2) Complications post-opératoires :
Elles sont rares (2 à 3 % des cas). Il peut s’agir :

  • D’une hémorragie secondaire ou d’un hématome qui peut nécessiter une évacuation chirurgicale.
  • D’une infection de la zone opératoire qui nécessite, si elle est diagnostiquée précocément (dans les 3 premières semaines) un traitement antibiotique rigoureux généralement par voie intraveineuse associé à un lavage articulaire et peut nécessiter, si elle est diagnostiquée plus tard, une réintervention chirurgicale avec nettoyage du matériel prothétique voire l’ablation des implants suivie d’une remise en place de nouveaux implants si l’infection est diagnostiquée tardivement.
  • La formation et la migration d’un caillot sanguin :
    Phlébite, embolie pulmonaire d’où la nécessité d’un traitement anticoagulant jusqu’à la reprise d’un appui complet (en général 1 mois).
  • Le déplacement des implants prothétiques mis en place pendant l’opération peut nécessiter une réduction sous anesthésie générale voire une réintervention chirurgicale avec éventuel changement d’une ou des pièces prothétiques.
  • Une différence de longueur des membres inférieurs qui ne peut être évitée avec certitude.
  • Des calcifications dans la capsule ou dans les muscles de voisinage qui peuvent être responsables d’une diminution de la mobilité post-opératoire.

5) EVOLUTION .


A) PRECOCE.

  • Raideur :
    La persistance d’une raideur plus ou moins importante du genou est souvent liée à l’état du genou avant l’intervention. La rééducation est primordiale dans toutes les phases du suivi d’une prothèse de genou. Si les progrès sont souvent très rapides les premières semaines, l’évolution est souvent beaucoup plus lente ensuite et la rééducation est souvent poursuivie 3 à 6 mois après l’intervention. En cas de stagnation ou de récupération insuffisante de la mobilité, une mobilisation sous anesthésie générale voire une arthrolyse chirurgicale peuvent être proposées.
  • Le défaut d’axe :
    Le défaut d’axe pré-opératoire ne peut pas toujours être complètement corrigé, l’intervention étant souvent un compromis que le chirurgien estime le meilleur possible pendant l’intervention.
  • L’instabilité : Une instabilité d’origine ligamentaire ne peut pas toujours être totalement évitée et est généralement bien tolérée, fonctionnellement.
  • La persistance de douleurs, le plus souvent minimes et localisées, est parfois constatée sans explication vraie malgré une prothèse parfaitement posée.

B) A LONG TERME.

Avec le temps la prothèse peut se desceller plus rapidement que prévu et nécessiter alors une réintervention. Elle doit alors être remplacée par une nouvelle prothèse.
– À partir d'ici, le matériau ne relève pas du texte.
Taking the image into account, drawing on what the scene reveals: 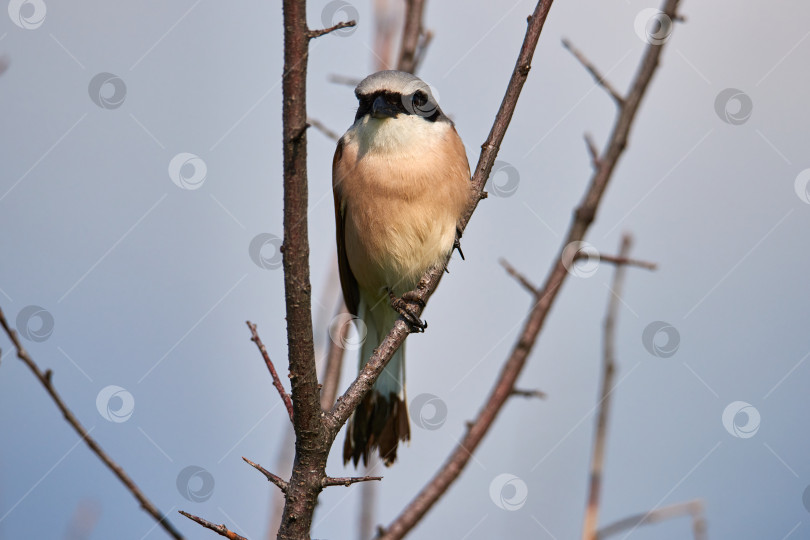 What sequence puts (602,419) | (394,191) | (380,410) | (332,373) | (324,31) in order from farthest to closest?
(380,410), (394,191), (332,373), (602,419), (324,31)

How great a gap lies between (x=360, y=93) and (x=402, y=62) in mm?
477

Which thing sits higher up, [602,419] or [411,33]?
[411,33]

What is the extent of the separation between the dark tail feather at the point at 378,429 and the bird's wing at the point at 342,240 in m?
0.55

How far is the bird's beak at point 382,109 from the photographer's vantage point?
3.64 meters

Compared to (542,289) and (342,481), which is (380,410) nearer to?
(542,289)

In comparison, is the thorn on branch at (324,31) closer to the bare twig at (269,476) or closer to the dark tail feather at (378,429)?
the bare twig at (269,476)

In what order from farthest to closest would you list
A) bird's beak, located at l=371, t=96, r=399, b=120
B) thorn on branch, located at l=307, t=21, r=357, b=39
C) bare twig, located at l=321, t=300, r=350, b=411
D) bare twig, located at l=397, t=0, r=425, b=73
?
bare twig, located at l=397, t=0, r=425, b=73
bird's beak, located at l=371, t=96, r=399, b=120
bare twig, located at l=321, t=300, r=350, b=411
thorn on branch, located at l=307, t=21, r=357, b=39

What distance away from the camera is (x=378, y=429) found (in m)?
4.20

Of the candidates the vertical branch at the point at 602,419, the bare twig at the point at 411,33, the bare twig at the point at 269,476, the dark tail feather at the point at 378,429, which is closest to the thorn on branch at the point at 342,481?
the bare twig at the point at 269,476

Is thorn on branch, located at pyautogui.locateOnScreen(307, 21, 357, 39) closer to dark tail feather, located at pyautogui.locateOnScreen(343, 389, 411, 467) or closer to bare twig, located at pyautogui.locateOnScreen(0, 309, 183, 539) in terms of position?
bare twig, located at pyautogui.locateOnScreen(0, 309, 183, 539)

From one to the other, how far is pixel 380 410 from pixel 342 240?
3.25ft

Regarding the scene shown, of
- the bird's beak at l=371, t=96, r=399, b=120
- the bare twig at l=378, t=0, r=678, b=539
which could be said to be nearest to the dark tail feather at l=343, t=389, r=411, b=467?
the bare twig at l=378, t=0, r=678, b=539

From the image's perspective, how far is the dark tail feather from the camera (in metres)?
4.05

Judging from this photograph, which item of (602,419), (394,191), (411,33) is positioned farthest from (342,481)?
(411,33) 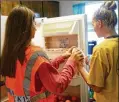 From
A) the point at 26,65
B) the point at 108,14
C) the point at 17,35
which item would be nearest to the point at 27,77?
the point at 26,65

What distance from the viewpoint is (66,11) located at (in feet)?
15.3

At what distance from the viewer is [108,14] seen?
1133mm

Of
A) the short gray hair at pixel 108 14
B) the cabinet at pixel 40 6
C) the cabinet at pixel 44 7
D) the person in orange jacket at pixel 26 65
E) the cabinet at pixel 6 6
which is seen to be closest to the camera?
the person in orange jacket at pixel 26 65

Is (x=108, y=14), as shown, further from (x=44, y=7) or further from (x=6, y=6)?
(x=44, y=7)

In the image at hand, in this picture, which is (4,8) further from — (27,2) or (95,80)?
(95,80)

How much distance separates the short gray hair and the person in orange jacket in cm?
39

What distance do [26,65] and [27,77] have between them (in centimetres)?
7

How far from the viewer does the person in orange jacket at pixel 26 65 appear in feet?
3.37

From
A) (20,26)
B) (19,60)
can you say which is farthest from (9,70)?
(20,26)

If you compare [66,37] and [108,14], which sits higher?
[108,14]

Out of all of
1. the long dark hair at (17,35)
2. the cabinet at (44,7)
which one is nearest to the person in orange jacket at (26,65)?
the long dark hair at (17,35)

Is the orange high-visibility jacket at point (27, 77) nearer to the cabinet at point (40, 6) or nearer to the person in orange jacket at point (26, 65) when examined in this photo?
the person in orange jacket at point (26, 65)

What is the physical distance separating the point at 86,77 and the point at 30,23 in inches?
19.7

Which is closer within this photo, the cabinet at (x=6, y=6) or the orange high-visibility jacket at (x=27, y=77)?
the orange high-visibility jacket at (x=27, y=77) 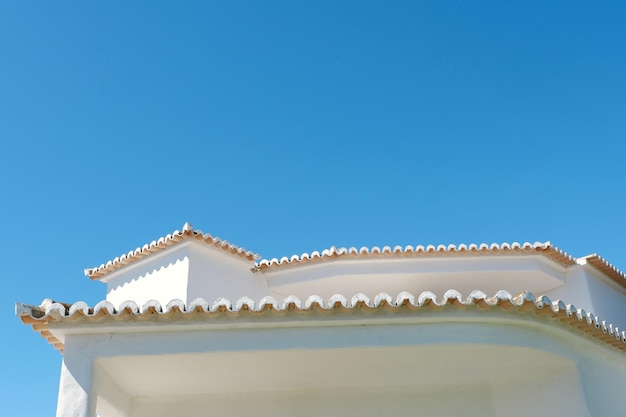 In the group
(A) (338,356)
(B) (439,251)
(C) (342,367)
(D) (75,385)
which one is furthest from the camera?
(B) (439,251)

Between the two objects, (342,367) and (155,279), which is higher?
(155,279)

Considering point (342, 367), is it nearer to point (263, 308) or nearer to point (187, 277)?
point (263, 308)

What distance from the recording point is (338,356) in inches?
298

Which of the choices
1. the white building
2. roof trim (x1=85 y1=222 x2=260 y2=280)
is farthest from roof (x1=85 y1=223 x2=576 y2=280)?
the white building

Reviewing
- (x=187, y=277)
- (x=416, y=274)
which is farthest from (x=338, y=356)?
(x=187, y=277)

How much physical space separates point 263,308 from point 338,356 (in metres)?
1.08

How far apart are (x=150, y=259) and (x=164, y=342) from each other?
15.9ft

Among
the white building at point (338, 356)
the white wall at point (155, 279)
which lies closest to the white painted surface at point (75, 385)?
the white building at point (338, 356)

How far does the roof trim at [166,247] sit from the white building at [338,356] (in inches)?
135

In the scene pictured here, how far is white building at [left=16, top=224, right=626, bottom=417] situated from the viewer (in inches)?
282

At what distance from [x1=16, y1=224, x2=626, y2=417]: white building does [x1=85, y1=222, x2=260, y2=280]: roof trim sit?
343 centimetres

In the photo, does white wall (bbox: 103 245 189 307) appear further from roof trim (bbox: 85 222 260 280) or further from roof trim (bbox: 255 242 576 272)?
roof trim (bbox: 255 242 576 272)

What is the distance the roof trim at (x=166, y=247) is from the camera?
1147 cm

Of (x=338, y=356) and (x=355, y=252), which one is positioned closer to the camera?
(x=338, y=356)
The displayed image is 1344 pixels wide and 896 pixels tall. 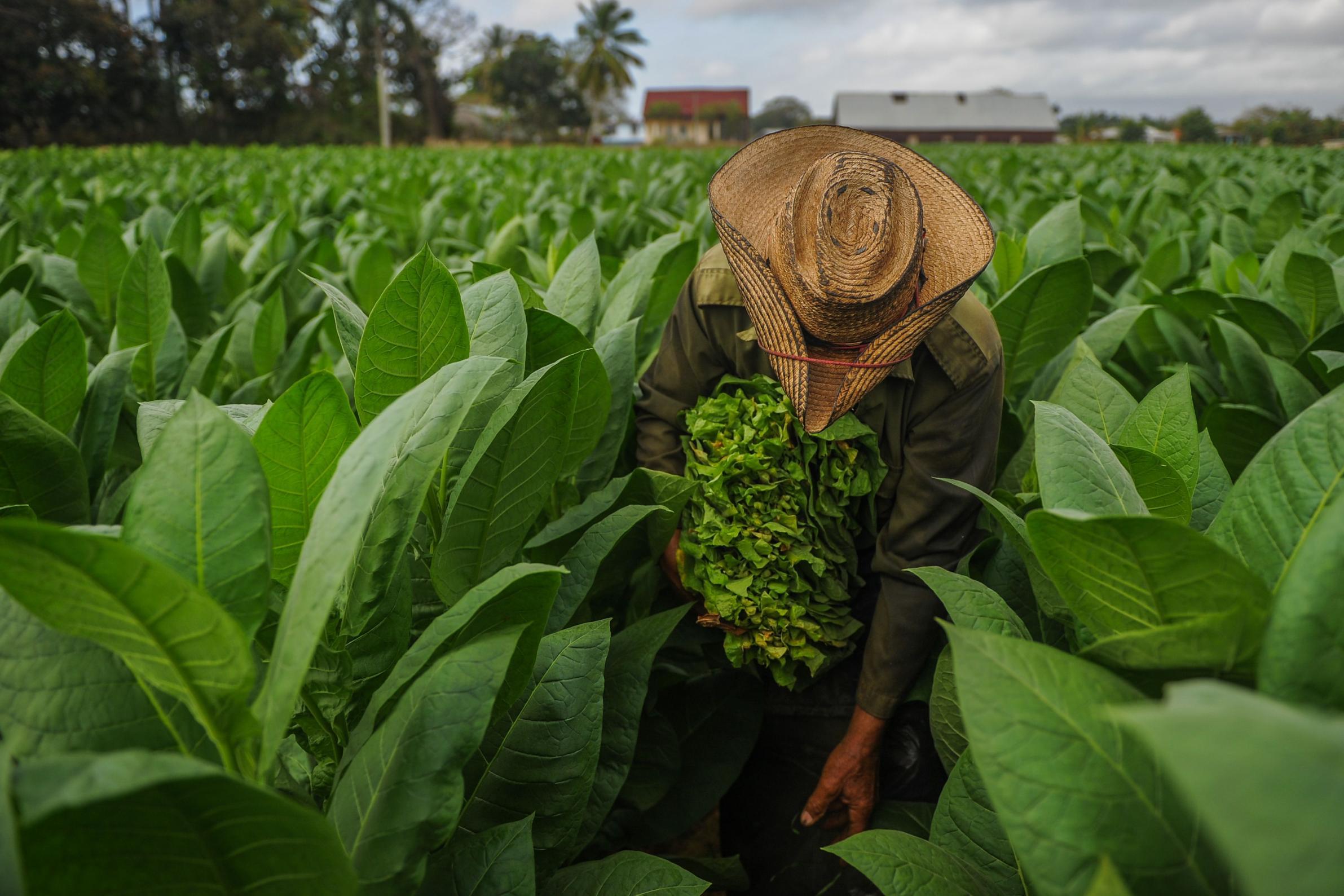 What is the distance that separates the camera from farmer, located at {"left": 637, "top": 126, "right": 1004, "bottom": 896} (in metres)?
1.77

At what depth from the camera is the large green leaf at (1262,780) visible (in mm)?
466

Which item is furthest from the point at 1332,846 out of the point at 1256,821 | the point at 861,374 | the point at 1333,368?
the point at 1333,368

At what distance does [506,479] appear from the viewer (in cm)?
136

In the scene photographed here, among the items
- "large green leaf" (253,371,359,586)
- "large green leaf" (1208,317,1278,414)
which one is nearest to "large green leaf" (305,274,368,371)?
"large green leaf" (253,371,359,586)

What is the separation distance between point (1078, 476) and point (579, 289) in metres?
1.20

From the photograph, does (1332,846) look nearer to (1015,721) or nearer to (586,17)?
(1015,721)

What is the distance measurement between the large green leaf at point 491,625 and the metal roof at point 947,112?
57.6 metres

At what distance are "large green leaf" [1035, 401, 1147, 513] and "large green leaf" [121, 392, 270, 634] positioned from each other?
2.83 feet

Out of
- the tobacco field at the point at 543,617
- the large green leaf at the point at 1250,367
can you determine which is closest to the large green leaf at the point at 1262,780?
the tobacco field at the point at 543,617

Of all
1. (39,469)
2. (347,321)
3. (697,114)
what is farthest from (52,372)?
(697,114)

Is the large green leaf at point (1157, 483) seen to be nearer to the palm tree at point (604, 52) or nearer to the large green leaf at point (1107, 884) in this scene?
the large green leaf at point (1107, 884)

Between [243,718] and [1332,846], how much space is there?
846 mm

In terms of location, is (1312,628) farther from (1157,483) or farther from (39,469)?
(39,469)

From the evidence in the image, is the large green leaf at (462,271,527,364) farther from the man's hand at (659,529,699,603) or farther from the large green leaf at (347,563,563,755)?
the man's hand at (659,529,699,603) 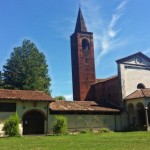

Cette prothèse peut aussi être le siège d’une infection tardive par la migration d’un microbe à partir d’un foyer infectieux autre (urinaire, dentaire, panaris, etc…) d’où l’importance de soigner très rapidement et énergiquement tout foyer infectieux lorsque l’on est porteur d’un matériel prothétique.

Les prothèses totales de genou actuelles ont une durée de vie importante, en moyenne de 15 ans. Au bout de ce délai, une réintervention avec changement de toute ou partie des pièces prothétiques est alors nécessaire.

Enfin, certaines pièces de la prothèse peuvent parfois être le siège d’une fracture. Il s’agit en général d’un défaut de conception ou de fabrication de la prothèse.

CONCLUSION

Les complications citées sont nombreuses mais extrêmement rares et il ne faut pas oublier que dans l’immense majorité des cas cette intervention permet de supprimer totalement les douleurs et d’obtenir une meilleure mobilité du genou, et ce pendant plusieurs années.